During the event, participants also noted that it is difficult to tell the vintage based on the front label. But loyalists of Durieux will know that his vintages are written in a long line of numbers at the back of the labels. 

Flight I opened with The Whites: Love and Pif 2017, Love and Pif 2018, and Manon 2017. The Manon announced itself immediately, with oxidative mandarin orange peel on the nose, cashew and pistachio underneath. Salinity and minerality were the main point, with the oxidative notes adding complexity without ever overwhelming.
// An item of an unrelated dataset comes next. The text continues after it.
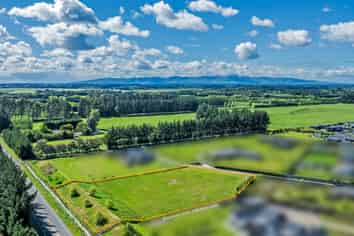 67 Silver Peaks Drive, WEST MELTON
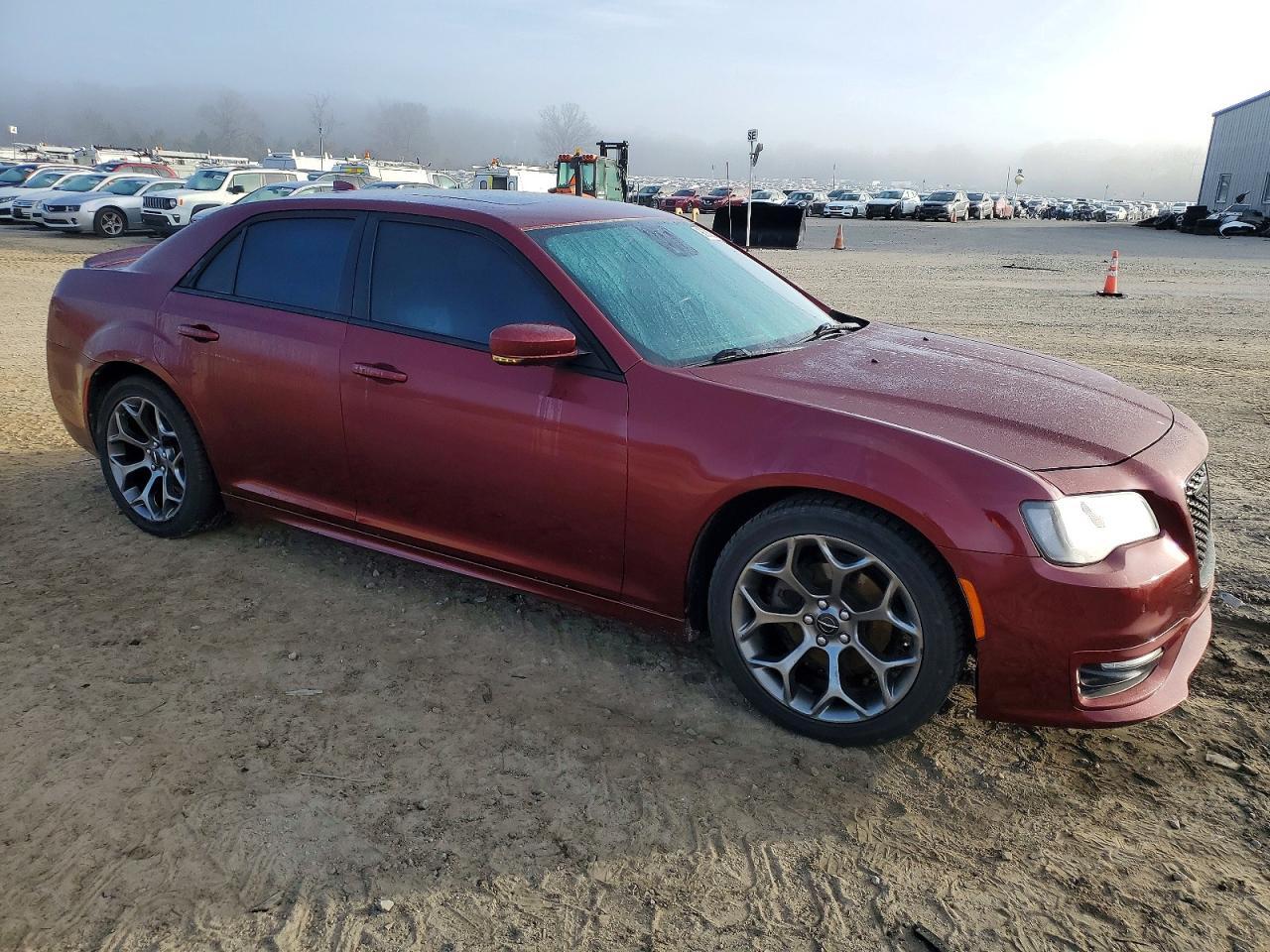 2018 Chrysler 300 300S - Image 4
The phenolic grip from the skins was well-balanced against the fruit. Both Aligotés carried the same phenolic grip that defines his work with this varietal — texture being the centrepiece, not concentration.

Flight II, The Reds, was the evening's most instructive lesson, though the room did not know it yet. La Gouzotte 2018 presented a well-crafted regional expression, but the terroir story was not yet on point. Les Boutières 2017 brought more structure, with its sharp acidity and fruit concentration balanced by the unaggressive oak. This wine reminded me of 山楂 — the hawthorn snack of my childhood, bright and tart with that same distinctive grip. The Passetoutgrains 2018 led with structure over fruit, with an unexpected minty finish. Night Cost 2018 was the most powerful of the flight with a mineral finish that outlasted the fruit.
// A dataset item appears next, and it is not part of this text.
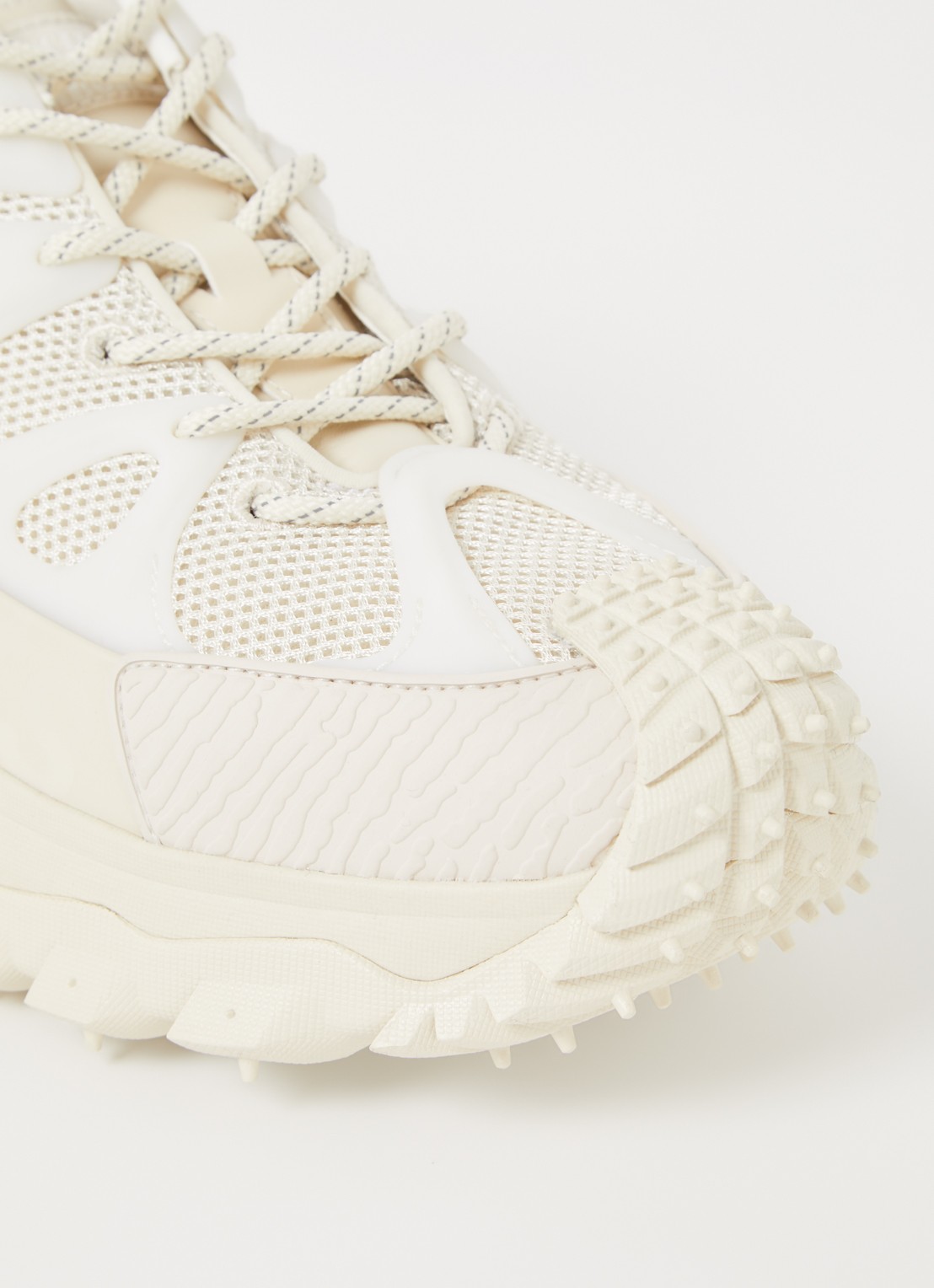Moncler Trailgrip Amoeba sneaker van leer met mesh details - detail 7 beige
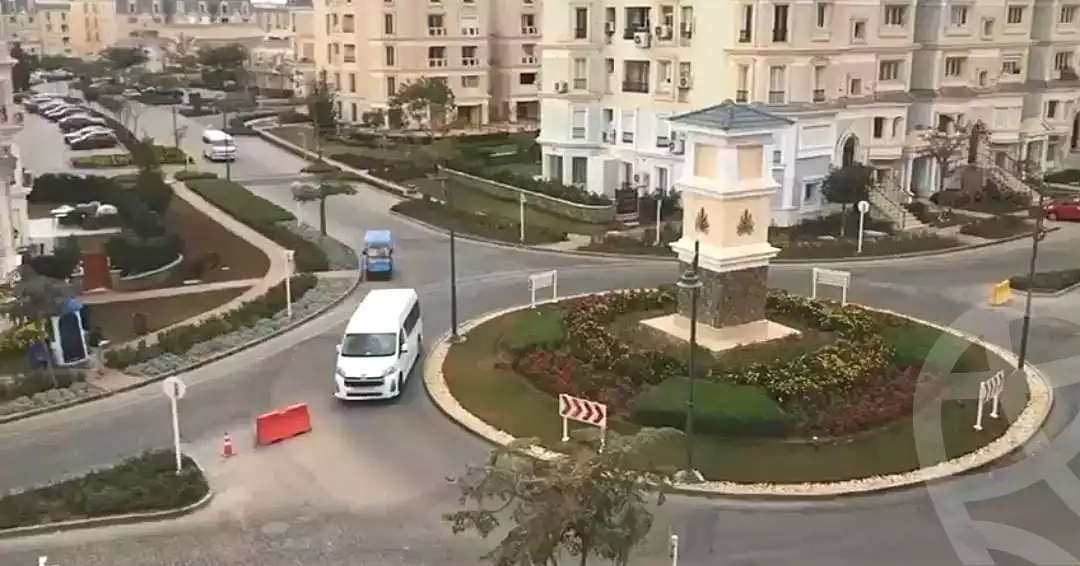 https://aqarmap.com.eg/en/listing/6725989-for-sale-cairo-new-cairo-compounds-mountain-view-hyde-park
All four wines were closed during the initial tasting, which resulted in attendees being less enthusiastic about this flight. That is, until 10.30pm, when something quietly shifted in the glass. Suddenly, the tannins softened and the fruit had opened.

Flight III, aptly named The Terroir, that made the evening's argument, was tasted blind. Les 1er Ponts 2017 arrived with a perfumed rose-like nose that is elegant and precise. The sharp acidity on entry was followed immediately by red fruits of real concentration and fine-grained tannins, with a mineral finish that carried fruitiness all the way through. Les Grands Ponts 2017 was the flight's most distinctive; with stem on the nose almost akin to biting into tomato vines, followed by chalkiness beneath the fruit reminiscent of its limestone terroir. Tête de Ponts 2017 was the most restrained initially before blossoming into what I enjoy in a Bourgogne with age. It was decidedly my favourite wine to watch the entire four hours, the way I would watch my 高山茶 High Mountain Tea evolve across multiple steeping.

Jaren Foo, a finance professional and one of the eight attendees, observed that during the tasting, he found Les 1er Ponts "tightly wound and holding back." Two hours later, it had "completely shed its reserve and blossomed" to what Foo described as "incredible layers of pure fruit, subtle earth, and a vibrant structural tension."

The evening closed with Flight IV Jeannot 2016. Green and crunchy on the nose, fruit-forward on the palate, and all the more complex for it. But Jeannot's complexity is derived from integration — the tannin structure precise and the finish everlasting. What struck me was how the mineral note arrived only at the very end, quietly, after the fruit had already made its case.

Patience is what these wines ask for the entire evening, especially evident in Flight II.

Thank you to Clareti for these wines. Event was held at Yet To Name Ramen at Orchard Plaza. 

Event attendee, Michael Ong, kindly shared a bottle Prieuré Roch Clos Des Varoilles Monopole to end off the night. (Photo Credit: Jaclene Liew)
Event attendee Michael Ong kindly shared a bottle of 2020 Prieuré Roch Clos Des Varoilles to round off the night. (Photo Credit: Jaclene Liew)

This was AWR's first pre-launch event, and it was exactly the kind of evening I want to build AWR on. We do not focus on labels people reach for because they already know the name, but wines that ask something of the people drinking them. I call these intellectual wines, for a room willing to sit with the wine and experience it to understand a winemaker's intent.